What's Buggin' You with Kate Larsen
SACRAMENTO, CA - Birds in Downtown Sacramento are forcing people to duck for cover near the Convention Center. There are thousands of crows roosting in the trees on 13th Street between J and I Streets. As a result, bird droppings cover the street and the sidewalk and it's bugging people who work in the area.
"It looks like nobody takes care of the city, it's dirty," says George Muntean, who owns a soup and sandwich store nearby. Muntean says nobody parks or walks on the street with the bird droppings. "It's awful, I have people who have to go a block away to come to my shop."
The crows roost in the trees overnight and are most active early in the morning before they fly away for the day. Just before sunrise, as the birds wake up, you can hear them calling to each other.
"It's not a great appearance for anyone that's visiting the convention center," says Peter Tiberini who helps manage the parking garage on 13th Street.
Garage employees and monthly parkers, many of whom carry umbrellas to avoid falling bird droppings, deal with the brunt of the mess.
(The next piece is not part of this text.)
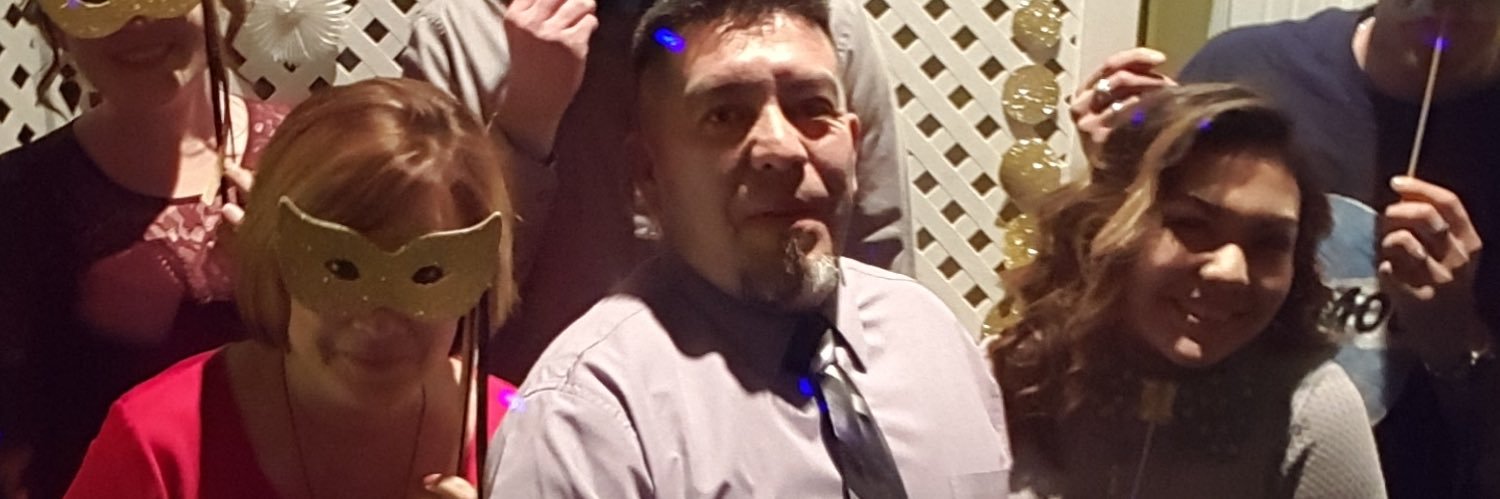 JohnPer514's profile banner image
Tiberini says garage employees have even started power washing the sidewalks, but says the streets are really the City of Sacramento's responsibility.
Tiberini purchased a predatory bird calling machine that he hopes will scare away the crows. He hasn't installed the device yet, but says he got the idea because he heard a similar machine, making bird-like noises, near Sacramento City Hall. City Hall is just four blocks away from the Convention Center and has the same type of trees, but there are very few if any birds roosting in the area.
News10 Reporter, Kate Larsen, called the Mayor Kevin Johnson's office who acknowledged the birds and said they would look into the problem. News10 will continue to follow this story, especially after learning that according to the CDC, there may be health problems associated with exposure to bird droppings.